Authors: Alberto Olmos
Pero aun así resultaría engorroso.
La opción era ésta: acudir a los buscadores internos de las páginas web. Por motivos de seguridad y protección de datos, un buscador genérico no es capaz de rastrear direcciones de correo electrónico que no sean «visibles». Sin embargo, muchas páginas web que registran a sus visitantes para ofrecer el servicio, y que disponen de buscador en el site, permiten que uno localice a un usuario registrado mediante algunos de sus datos personales, como la ciudad, el género, la profesión o, por supuesto, el mail. Dado que muchas personas utilizan las redes sociales, los clubs de aficionados o los foros mediante un alias, la dirección de correo electrónico llegaba a ser más fiable para conocer la identidad de alguien que su propio nombre, y a eso me encomendé.

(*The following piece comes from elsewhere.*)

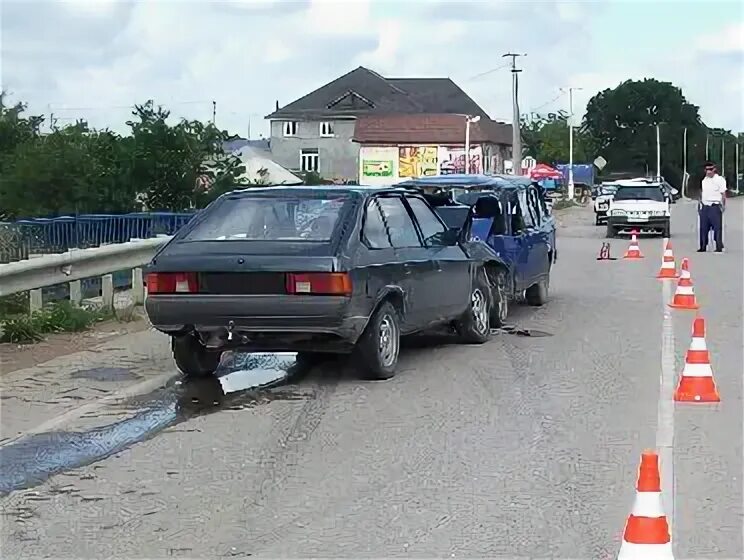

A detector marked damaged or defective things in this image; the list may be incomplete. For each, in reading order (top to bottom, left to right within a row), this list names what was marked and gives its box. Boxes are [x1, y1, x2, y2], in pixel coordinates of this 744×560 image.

damaged dark hatchback car [143, 187, 508, 380]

Empecé con las redes sociales, desde las que estaban ahora más de moda hasta aquellas primitivas que habían quedado anquilosadas a la espera de una improbable resurrección. Busqué luego en foros. Había miles. Con candidez de novela barata consulté en primer lugar foros de aficionados a las armas, de fanáticos de las contiendas bélicas, de admiradores de asesinos en serie y asesinos míticos y criminales inmortales. Intercalé esta interminable búsqueda parcial con búsquedas en webs de sindicación de contenidos, webs de registro de blogs personales, comunidades de microblogging, comunidades de photolog, webs de gestión de favoritos, webs de start ups o proyectos o ideas o propuestas novedosas para la red.

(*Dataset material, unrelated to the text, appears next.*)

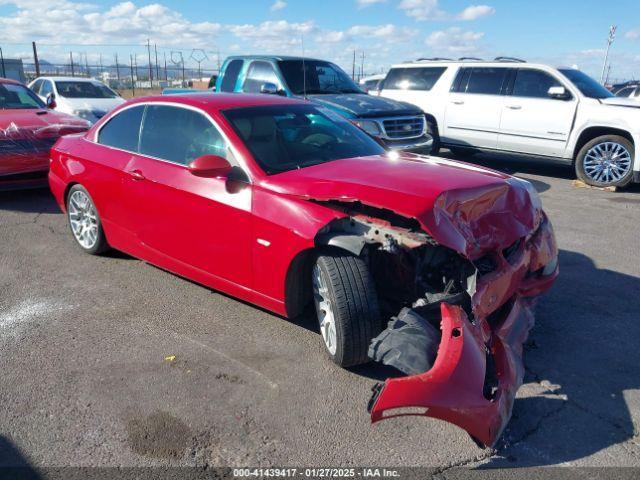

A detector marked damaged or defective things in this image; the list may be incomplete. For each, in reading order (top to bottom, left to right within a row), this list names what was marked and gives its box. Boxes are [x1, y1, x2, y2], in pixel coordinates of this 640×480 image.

Era una tarea infinita, de improbable éxito, determinada por el azar, al que la tozudez le echaba un pulso desigual. Yo había pasado meses tratando de entrar en el correo de Ana, y en el de otras personas. Conocía el método. Sabía que lo único que tenía que hacer, y que podía hacer, era seguir intentándolo, sin ilusión, sin excitación, simplemente seguir probando, aquí, allá, todo el tiempo, ese tiempo del que disponía porque no iba a la oficina, sin sistema porque llevar un sistema nunca sirvió de nada, yo lo sabía, lo único útil era no dejar de apretar el gatillo, como si lo que en realidad estuvieras haciendo fuera exactamente eso, buscar, fracasar, darte de cabezazos contra la pared, una vez, y otra.
Porque a veces la pared se cae.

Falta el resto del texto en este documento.